Brief descriptive captions:
■ ■ ■ ■
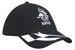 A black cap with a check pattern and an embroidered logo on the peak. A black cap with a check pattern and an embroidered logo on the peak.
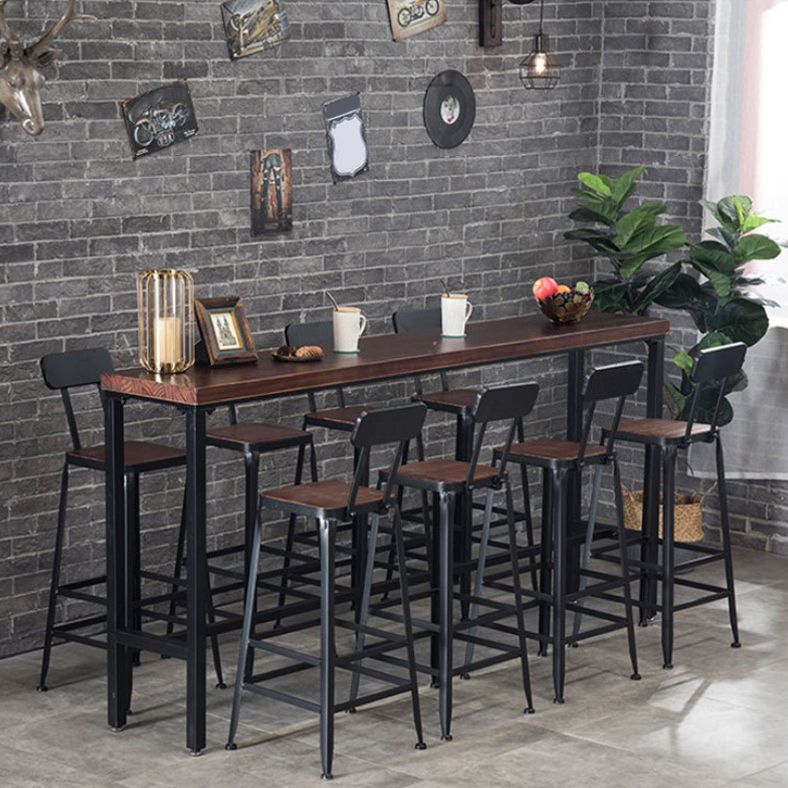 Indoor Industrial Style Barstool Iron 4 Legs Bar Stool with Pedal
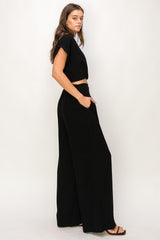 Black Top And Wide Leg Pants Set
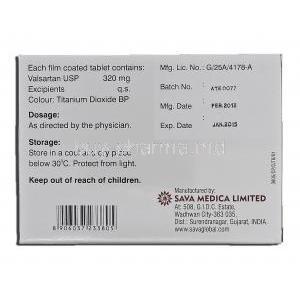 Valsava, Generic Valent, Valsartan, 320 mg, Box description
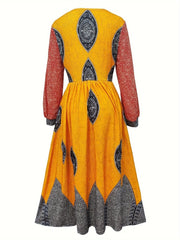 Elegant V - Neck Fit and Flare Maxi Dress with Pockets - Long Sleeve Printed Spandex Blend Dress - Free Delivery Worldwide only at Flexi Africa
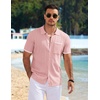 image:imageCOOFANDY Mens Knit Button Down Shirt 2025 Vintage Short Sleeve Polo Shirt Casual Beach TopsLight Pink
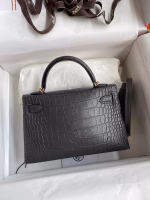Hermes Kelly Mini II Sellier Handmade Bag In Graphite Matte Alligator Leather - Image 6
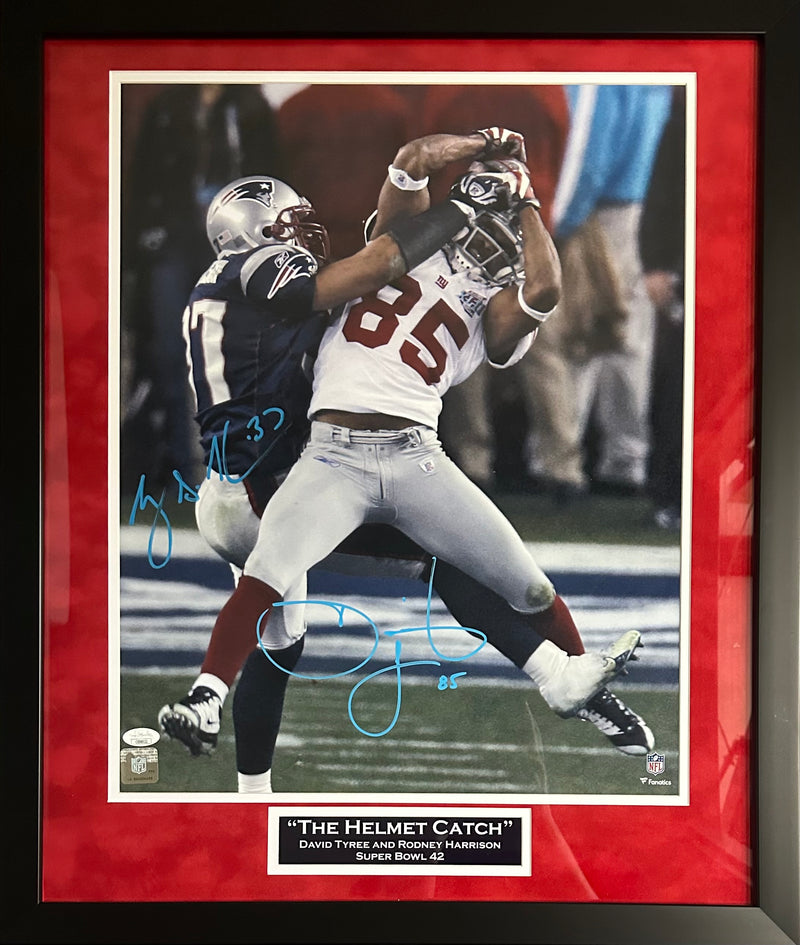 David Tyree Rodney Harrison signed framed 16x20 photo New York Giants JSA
■ ■ ■ ■
> WORK INSTRUCTIONS: Every line from the one with "Indoor Industrial Style" through the end of the records above belongs in the answer, copied exactly; no picture does.

> EXERCISE SOLUTION:
 Indoor Industrial Style Barstool Iron 4 Legs Bar Stool with Pedal
 Black Top And Wide Leg Pants Set
 Valsava, Generic Valent, Valsartan, 320 mg, Box description
 Elegant V - Neck Fit and Flare Maxi Dress with Pockets - Long Sleeve Printed Spandex Blend Dress - Free Delivery Worldwide only at Flexi Africa
 image:imageCOOFANDY Mens Knit Button Down Shirt 2025 Vintage Short Sleeve Polo Shirt Casual Beach TopsLight Pink
Hermes Kelly Mini II Sellier Handmade Bag In Graphite Matte Alligator Leather - Image 6
 David Tyree Rodney Harrison signed framed 16x20 photo New York Giants JSA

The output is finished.